A space to talk openly about weight loss journeys and challenges. Mumsnet hasn't checked the qualifications of anyone posting here. You may wish to speak to a medical professional before starting any diet.

My 9 yr old DD just admitted she thinks I'm fat

33 replies

fatpsychobitch · 19/08/2007 21:06

I am absolutely devastated.

I have issues with my weight, and wish that I was about 4 stone lighter and several dress sizes smaller, but I really didn't want my DD to be so aware of size and weight and stuff already.

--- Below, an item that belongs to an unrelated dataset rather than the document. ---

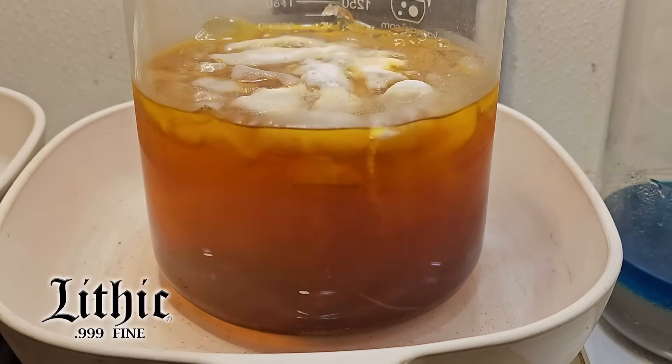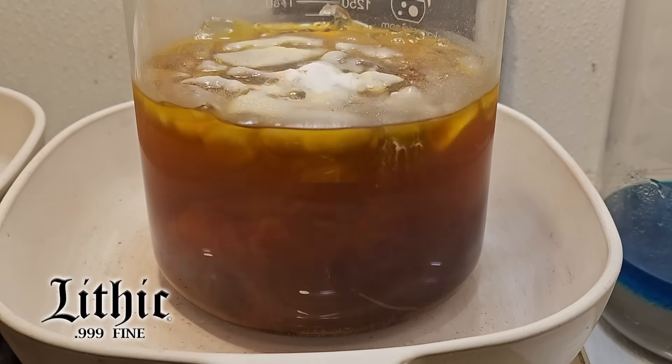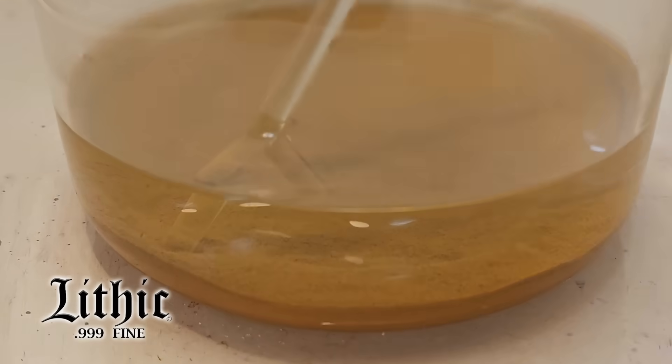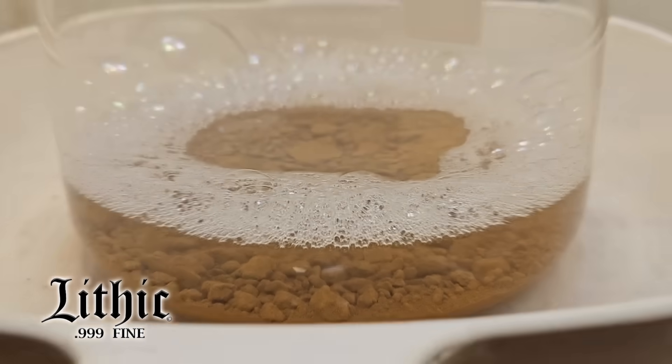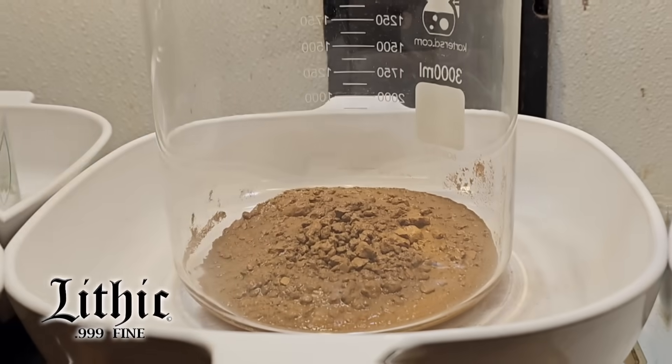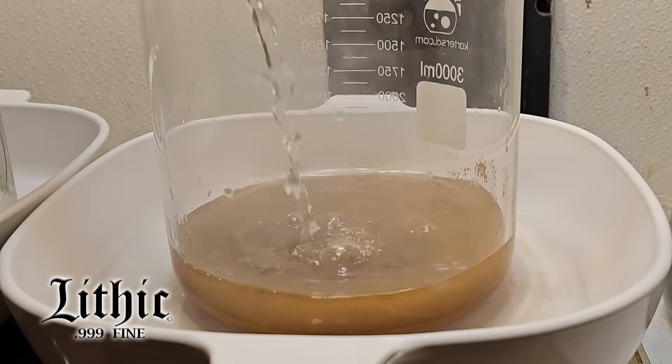Here we're going to drop this gold out of solution. I added sodium metabisulfite, or SMB, which reacts with the gold in solution, dropping it selectively out. We're left with this bit of sediment, and after a series of rinse procedures, we're left with this.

Feeling so depressed and crappy and have been on antidepressants due to lack of self esteem for so long. This just feels like the final nail in the coffin.

OP posts:
fatpsychobitch · 20/08/2007 16:12

I actually have a gym membership (was free) and I try to go there a few times a week, but I am just so tired all the time at the moment (have just had a blood test to see if there is a medical reason but I doubt it).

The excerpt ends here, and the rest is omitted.